## [Task requirements]
Could you return each line from the one bearing "炉石传说女巫森林盗贼强力卡组推荐 59%胜率弑君贼狂野封神" through the last line of the entries, exactly as it stands, with no pictures?

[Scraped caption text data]
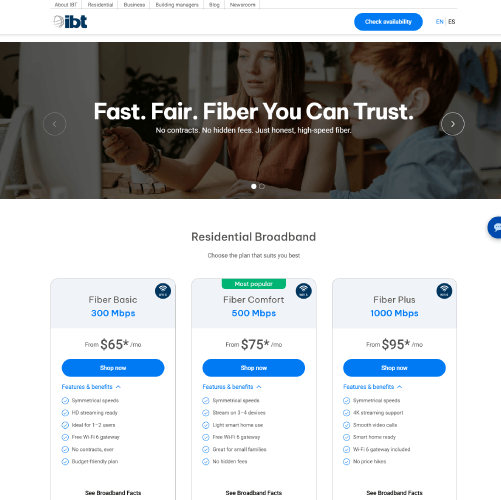 IBT - Internet de fibra óptica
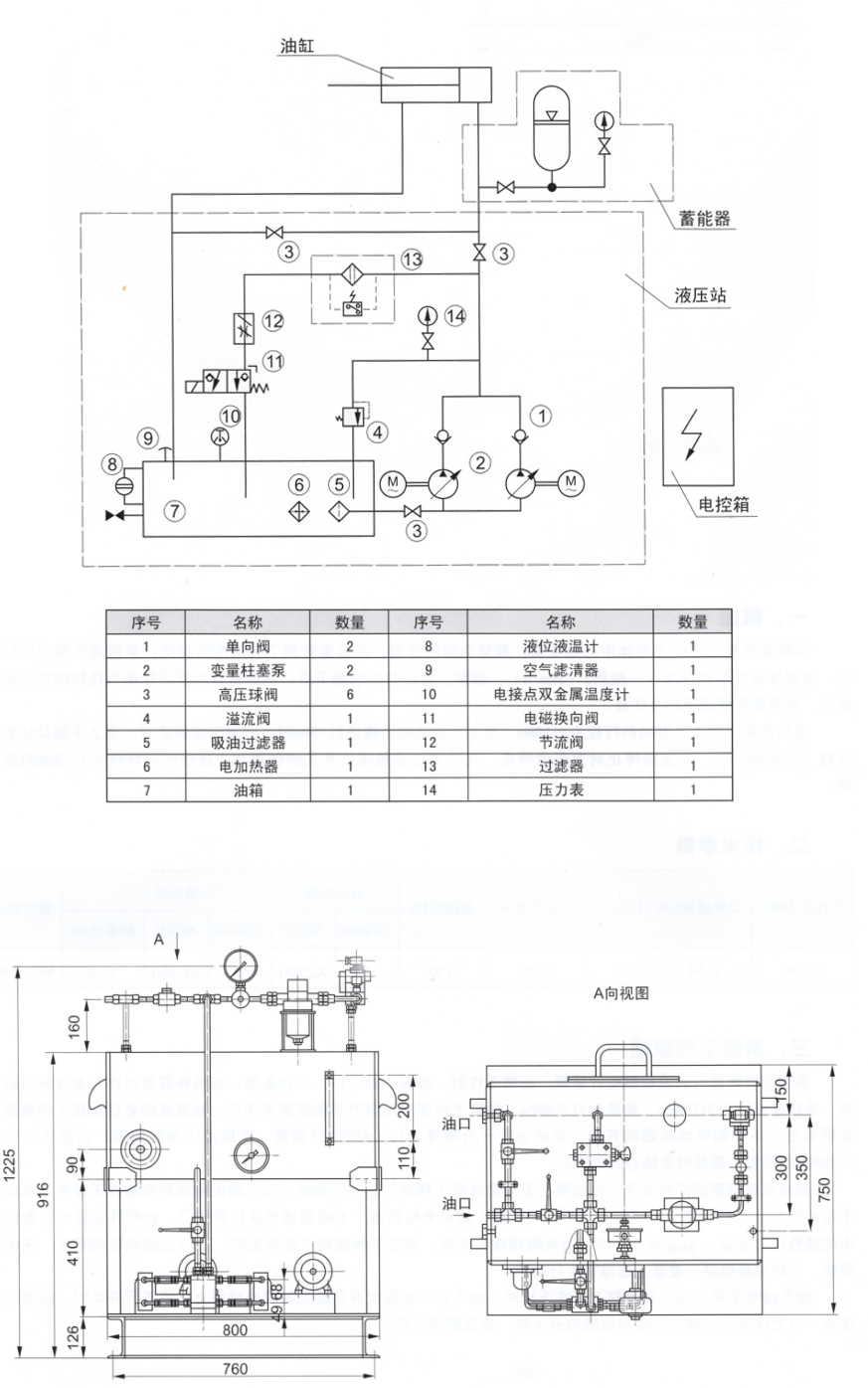 啟東豐匯潤(rùn)滑設(shè)備有限公司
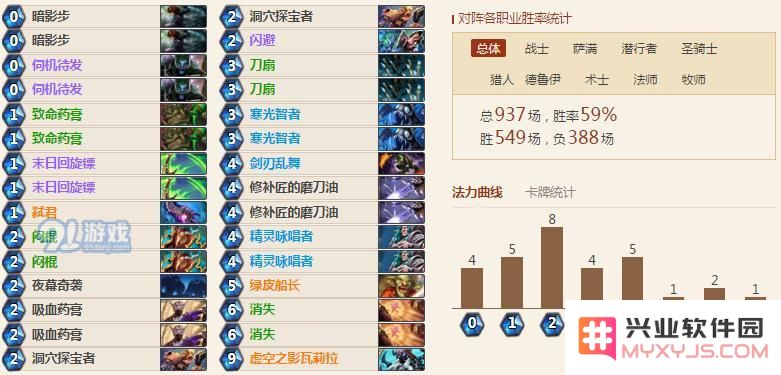 炉石传说女巫森林盗贼强力卡组推荐 59%胜率弑君贼狂野封神
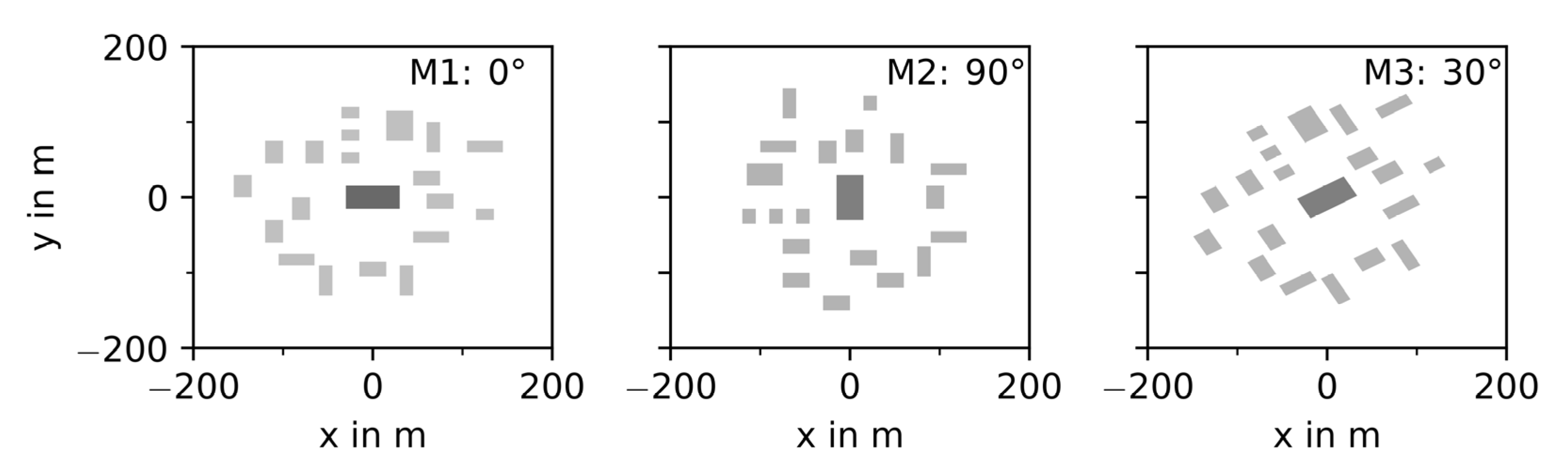 Atmosphere 14 00161 g002 550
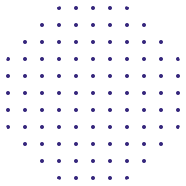 shape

## [Output]
 炉石传说女巫森林盗贼强力卡组推荐 59%胜率弑君贼狂野封神
 Atmosphere 14 00161 g002 550
 shape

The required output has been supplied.